Voici un ouvrage rare qui nous aide à comprendre l’orientation et les
perspectives actuelles de la formation professionnelle continue. Il est le fait de Pierre Caspar ingénieur des mines et sociologue, professeur émérite au CNAM, auteurs de
nombreux ouvrages et co-auteur d’un best-seller dans la discipline « Traité des sciences et des techniques de la formation ». La première partie est un rappel de bon sens fort utile. On
apprend d’abord grâce aux problèmes professionnels qu’il s’agit de résoudre. La deuxième partie est une analyse historique qui montre comment les ingénieurs et les pédagogues se sont rencontrés
et comment s’est développée l’ingénierie de formation. La troisième partie montre comment l’irruption de l’économique dans la formation transforme les données du marché. La notion
d’investissement immatériel est éclairante à cet égard. L’exemple du CNAM est mis en avant en témoignage de ce phénomène. Enfin la quatrième partie s’attarde sur l’enjeu de l’accès aux savoirs,
un enjeu majeur pour l’humanité. Cette partie interroge les mutations actuelles, la singularité des savoirs, l’impact des nouvelles technologies et la civilisation des réseaux, la transformation
du rôle des formateurs et des organismes de formation et l’émergence de ce que l’auteur appelle le non-conventionnel que l’on pourrait aussi désigner comme des apprentissages informels. Enfin en
guise de conclusion l’auteur offre un ensemble d’ouvertures comme autant de recommandations pour développer encore et toujours la formation tout au long de la vie. Finalement on appréciera de
l’ouvrage de nombreuses facettes notamment le retour aux sources, l'interrogation sur l'ingénierie de formation, la réflexion sur l'idée d'investissement immatériel, le questionnement sur la
recherche. Pour ces aspects d'ancrage le livre est une vraie mine riche et porteuse de sens. La façon dont se posent les questions de formation aujourd'hui en entreprise, les liens entre les
organisations et les individus interrogent. Plusieurs questions restent en suspens. Quid des organisations apprenantes qui réussissent à sortir des manuels théoriques pour s'installer en réalité
dans les entreprises? Quid des universités d'entreprise dont l'offre poursuit d'autres visées que le seul objectif de formation? Les nouveaux rapports aux savoirs se mettant en place grâce aux
technologies de l'information se développent en dépit des formateurs.

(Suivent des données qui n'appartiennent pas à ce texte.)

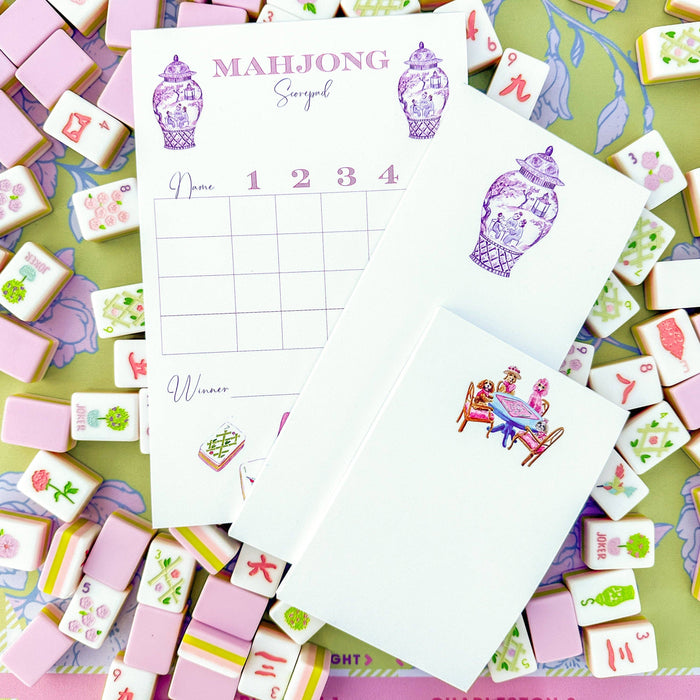 Mahjong Tiles Scorecard Pad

Qu'est ce que cela peut produire? Finalement la question que pose l'ouvrage est de savoir si l'ingénierie serait le meilleur
moyen de penser la formation. Car incidemment ne reproduit-on pas la séparation de Taylor entre les ingénieurs qui planifient la formation et les stagiaires/formés/apprenants qui
l'exécutent? Nous avons beaucoup de choses à imaginer pour le futur et c'est une belle perspective que nous offre cet ouvrage.